MPF adota tecnologia da Verifact para investigações eleitorais
Ferramenta permite preservar conteúdos publicados na internet e apoiar atividades da Procuradoria-Geral Eleitoral e das Procuradorias Regionais Eleitorais.
Da Redação
quarta-feira, 25 de março de 2026
Atualizado às 10:39
A dinâmica do ambiente digital tem imposto desafios crescentes à preservação de evidências. Conteúdos podem ser modificados, excluídos ou simplesmente deixar de existir em poucos minutos, o que dificulta sua utilização em investigações e processos judiciais.
Nesse contexto, o MPF firmou Acordo de Cooperação Técnica para utilização de uma tecnologia brasileira voltada à coleta e ao registro de provas digitais disponíveis na internet.
A iniciativa envolve solução desenvolvida pela Verifact, empresa especializada na captura técnica de conteúdos online, como páginas de sites, redes sociais, blogs, webmails e outros materiais digitais, com o objetivo de viabilizar seu uso como prova em processos judiciais.
O acordo foi formalizado por meio de publicação no Diário Oficial.
Foco na atuação eleitoral
Segundo os termos da cooperação, a iniciativa está relacionada às atribuições da PGE - Procuradoria-Geral Eleitoral e das Procuradorias Regionais Eleitorais.
A aplicação da tecnologia ocorre no contexto das eleições de 2026, período marcado pelo aumento na circulação de conteúdos digitais.
De acordo com o MPF, a preservação dessas informações é relevante para permitir a análise de conteúdos em investigações eleitorais, especialmente antes que sejam alterados ou removidos.
A ferramenta já havia sido utilizada anteriormente pelo órgão. Em 2024, conforme dados do próprio MPF, foram realizadas mais de duas mil coletas de evidências digitais durante o período eleitoral.
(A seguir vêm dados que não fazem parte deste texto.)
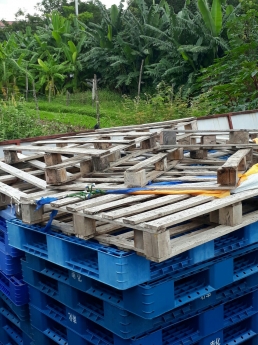 pallet nhựa cao 15cm kê hàng hóa Quảng Trị 0905681595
Segundo o órgão, as provas obtidas contribuíram para desdobramentos jurídicos, incluindo decisões condenatórias.
Ainda segundo informações divulgadas, a tecnologia foi a única solução online de coleta de provas atestada pelo TSE.
Como funciona a tecnologia adotada pelo MPF
A plataforma foi desenvolvida com o objetivo de reduzir riscos de manipulação durante o processo de coleta e preservação de conteúdos digitais. O sistema realiza o registro técnico das informações no momento da captura, o que, segundo a empresa, reduz a possibilidade de questionamentos sobre a autenticidade da prova.
Para isso, a tecnologia segue diretrizes internacionais de preservação de evidências digitais, com base na norma ISO/IEC 27.037.
Por meio de sistema patenteado, a solução permite registrar áudios, vídeos, imagens e textos provenientes de redes sociais, sites, e-mails e aplicativos de mensagens em formato estruturado para uso como prova digital.
A ferramenta, segundo a Verifact, possui aceitação em diferentes instâncias do Judiciário e pode ser utilizada por advogados, empresas, peritos e pessoas físicas.
Órgãos públicos já adotaram a ferramenta
O uso de tecnologias especializadas para coleta de provas digitais tem se ampliado no setor público. Além do MPF, a Verifact informa que a plataforma é utilizada por instituições como Senado Federal, AGU - Advocacia-Geral da União, MPT - Ministério Público do Trabalho, TSE, Defensorias Públicas, Polícias Civis e Ministérios Públicos estaduais.
Segundo Regina Acutu, CEO da Verifact, o processo de contratação da solução pode ocorrer por inexigibilidade. “É feito por inexigibilidade, não exigindo longos processos licitatórios ou integrações complexas com TI”, afirmou.
De acordo com a empresa, a ferramenta tem sido aplicada em investigações institucionais, procedimentos internos, corregedorias, comissões disciplinares, apuração de denúncias, fiscalização eleitoral e atividades administrativas.